Brief: Using the data below, return the stretch from the line that contains "Hello, my name" through the line that contains "Welcome to the", both included, exactly as it stands and nothing beyond it.

Data supplied: Begin

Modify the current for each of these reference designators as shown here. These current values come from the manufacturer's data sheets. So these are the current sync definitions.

Data supplied: End
Data supplied: Begin

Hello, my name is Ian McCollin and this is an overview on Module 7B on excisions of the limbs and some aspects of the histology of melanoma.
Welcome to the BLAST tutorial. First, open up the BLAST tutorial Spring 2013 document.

Data supplied: End

Exercise output:
Hello, my name is Ian McCollin and this is an overview on Module 7B on excisions of the limbs and some aspects of the histology of melanoma.
Welcome to the BLAST tutorial. First, open up the BLAST tutorial Spring 2013 document.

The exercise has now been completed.